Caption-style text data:
__________

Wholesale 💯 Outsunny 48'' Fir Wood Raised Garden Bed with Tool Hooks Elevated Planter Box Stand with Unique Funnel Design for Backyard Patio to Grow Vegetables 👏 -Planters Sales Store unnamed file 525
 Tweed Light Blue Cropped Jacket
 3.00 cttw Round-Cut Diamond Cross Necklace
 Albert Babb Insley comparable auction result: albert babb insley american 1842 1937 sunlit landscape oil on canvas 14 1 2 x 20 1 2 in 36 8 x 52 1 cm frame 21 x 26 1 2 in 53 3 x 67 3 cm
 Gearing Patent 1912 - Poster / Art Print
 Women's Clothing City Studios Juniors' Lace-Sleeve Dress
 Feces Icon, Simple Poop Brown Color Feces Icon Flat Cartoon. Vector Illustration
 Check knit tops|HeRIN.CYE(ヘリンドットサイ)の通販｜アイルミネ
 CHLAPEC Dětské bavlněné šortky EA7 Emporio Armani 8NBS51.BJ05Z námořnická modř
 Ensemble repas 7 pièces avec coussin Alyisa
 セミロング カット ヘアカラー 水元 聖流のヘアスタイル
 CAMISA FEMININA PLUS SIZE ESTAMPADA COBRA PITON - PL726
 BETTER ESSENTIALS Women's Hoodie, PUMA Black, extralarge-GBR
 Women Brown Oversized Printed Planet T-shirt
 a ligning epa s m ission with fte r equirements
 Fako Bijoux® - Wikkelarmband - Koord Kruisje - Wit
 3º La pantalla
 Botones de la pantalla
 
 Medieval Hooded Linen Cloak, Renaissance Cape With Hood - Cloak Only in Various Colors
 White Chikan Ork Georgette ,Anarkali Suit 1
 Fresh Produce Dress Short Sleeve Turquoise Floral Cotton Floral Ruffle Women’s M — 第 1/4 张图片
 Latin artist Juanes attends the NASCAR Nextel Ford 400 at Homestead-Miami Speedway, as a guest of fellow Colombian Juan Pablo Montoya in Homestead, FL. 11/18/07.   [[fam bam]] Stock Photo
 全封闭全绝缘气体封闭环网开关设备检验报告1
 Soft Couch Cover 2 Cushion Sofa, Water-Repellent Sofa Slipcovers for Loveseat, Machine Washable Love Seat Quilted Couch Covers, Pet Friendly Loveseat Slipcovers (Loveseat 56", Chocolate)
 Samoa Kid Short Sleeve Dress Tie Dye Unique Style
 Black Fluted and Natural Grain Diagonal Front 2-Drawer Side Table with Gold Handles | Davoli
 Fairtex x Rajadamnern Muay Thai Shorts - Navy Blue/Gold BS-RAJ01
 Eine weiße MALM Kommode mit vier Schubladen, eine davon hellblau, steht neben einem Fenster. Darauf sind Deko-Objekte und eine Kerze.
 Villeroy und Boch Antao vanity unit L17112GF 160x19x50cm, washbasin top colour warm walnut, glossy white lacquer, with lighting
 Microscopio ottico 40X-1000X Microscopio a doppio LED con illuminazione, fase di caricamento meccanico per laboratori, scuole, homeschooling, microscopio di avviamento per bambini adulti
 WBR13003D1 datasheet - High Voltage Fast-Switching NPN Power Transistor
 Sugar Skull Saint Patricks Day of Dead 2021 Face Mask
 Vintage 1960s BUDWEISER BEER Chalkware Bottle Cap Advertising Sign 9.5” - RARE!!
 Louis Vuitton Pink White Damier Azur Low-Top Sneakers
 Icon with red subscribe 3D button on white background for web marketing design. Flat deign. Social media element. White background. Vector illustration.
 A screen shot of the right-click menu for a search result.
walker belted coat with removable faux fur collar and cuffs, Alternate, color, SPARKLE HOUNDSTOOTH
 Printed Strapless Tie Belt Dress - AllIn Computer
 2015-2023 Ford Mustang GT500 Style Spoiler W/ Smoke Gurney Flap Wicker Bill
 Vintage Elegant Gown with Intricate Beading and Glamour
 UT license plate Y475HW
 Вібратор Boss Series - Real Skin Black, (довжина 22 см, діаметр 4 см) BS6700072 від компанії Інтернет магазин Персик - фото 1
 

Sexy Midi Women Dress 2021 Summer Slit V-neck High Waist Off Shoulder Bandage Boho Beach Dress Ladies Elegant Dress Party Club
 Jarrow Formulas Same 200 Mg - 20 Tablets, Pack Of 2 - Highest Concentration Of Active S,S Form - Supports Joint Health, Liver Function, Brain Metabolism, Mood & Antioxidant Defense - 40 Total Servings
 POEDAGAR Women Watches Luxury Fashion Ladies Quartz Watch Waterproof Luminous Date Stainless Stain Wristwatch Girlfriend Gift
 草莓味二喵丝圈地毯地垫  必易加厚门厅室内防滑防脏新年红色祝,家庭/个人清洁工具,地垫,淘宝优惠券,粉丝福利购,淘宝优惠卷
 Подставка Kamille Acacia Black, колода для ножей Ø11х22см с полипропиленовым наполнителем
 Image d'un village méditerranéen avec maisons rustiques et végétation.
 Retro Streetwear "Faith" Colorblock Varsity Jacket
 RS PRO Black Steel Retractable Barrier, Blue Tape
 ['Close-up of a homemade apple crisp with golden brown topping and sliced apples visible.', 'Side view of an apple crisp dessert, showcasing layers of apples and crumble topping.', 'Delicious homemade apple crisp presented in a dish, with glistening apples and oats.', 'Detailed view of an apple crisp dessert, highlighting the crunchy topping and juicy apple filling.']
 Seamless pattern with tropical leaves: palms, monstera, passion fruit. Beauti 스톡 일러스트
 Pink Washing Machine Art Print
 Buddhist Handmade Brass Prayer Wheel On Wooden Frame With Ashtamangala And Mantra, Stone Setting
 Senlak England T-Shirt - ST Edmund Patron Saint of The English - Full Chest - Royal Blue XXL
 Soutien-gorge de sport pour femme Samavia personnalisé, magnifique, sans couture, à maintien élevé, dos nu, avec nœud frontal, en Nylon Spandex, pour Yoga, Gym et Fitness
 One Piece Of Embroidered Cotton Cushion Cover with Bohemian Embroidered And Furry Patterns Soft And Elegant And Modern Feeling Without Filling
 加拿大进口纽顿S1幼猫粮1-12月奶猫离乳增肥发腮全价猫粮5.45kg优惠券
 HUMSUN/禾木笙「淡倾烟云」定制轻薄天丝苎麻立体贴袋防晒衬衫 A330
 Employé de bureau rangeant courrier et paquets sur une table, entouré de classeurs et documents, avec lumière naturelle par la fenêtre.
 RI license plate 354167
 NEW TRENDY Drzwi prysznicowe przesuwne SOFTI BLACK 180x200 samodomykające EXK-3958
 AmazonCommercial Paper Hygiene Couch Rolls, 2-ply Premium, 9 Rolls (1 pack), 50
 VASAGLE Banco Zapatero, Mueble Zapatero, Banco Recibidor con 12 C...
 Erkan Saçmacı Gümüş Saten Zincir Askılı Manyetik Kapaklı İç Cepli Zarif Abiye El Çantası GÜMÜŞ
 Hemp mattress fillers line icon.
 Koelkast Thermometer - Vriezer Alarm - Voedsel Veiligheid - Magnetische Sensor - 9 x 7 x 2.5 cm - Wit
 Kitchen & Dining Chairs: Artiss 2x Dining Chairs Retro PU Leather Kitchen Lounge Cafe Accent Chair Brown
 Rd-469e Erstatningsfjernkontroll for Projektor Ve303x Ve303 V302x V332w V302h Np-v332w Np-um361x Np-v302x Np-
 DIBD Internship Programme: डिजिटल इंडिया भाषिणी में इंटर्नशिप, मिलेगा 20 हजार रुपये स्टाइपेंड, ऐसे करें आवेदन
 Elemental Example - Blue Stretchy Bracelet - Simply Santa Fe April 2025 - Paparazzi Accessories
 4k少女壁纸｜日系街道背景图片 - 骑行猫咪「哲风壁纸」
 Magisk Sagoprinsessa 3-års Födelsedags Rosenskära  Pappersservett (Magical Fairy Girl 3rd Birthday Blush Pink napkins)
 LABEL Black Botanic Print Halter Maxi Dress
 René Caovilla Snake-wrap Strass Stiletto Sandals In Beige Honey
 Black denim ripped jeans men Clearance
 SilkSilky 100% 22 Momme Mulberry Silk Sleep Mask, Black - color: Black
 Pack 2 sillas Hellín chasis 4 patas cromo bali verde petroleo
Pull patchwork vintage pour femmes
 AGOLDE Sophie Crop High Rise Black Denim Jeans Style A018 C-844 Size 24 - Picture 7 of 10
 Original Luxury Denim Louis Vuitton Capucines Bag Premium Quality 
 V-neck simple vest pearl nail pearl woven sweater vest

__________

### EXERCISE DIRECTIONS
In the records above, find the line with "Medieval Hooded Linen"; write out exactly that line and each one after it, stopping after the line with "Fresh Produce Dress".

### TASK RESPONSE
 Medieval Hooded Linen Cloak, Renaissance Cape With Hood - Cloak Only in Various Colors
 White Chikan Ork Georgette ,Anarkali Suit 1
 Fresh Produce Dress Short Sleeve Turquoise Floral Cotton Floral Ruffle Women’s M — 第 1/4 张图片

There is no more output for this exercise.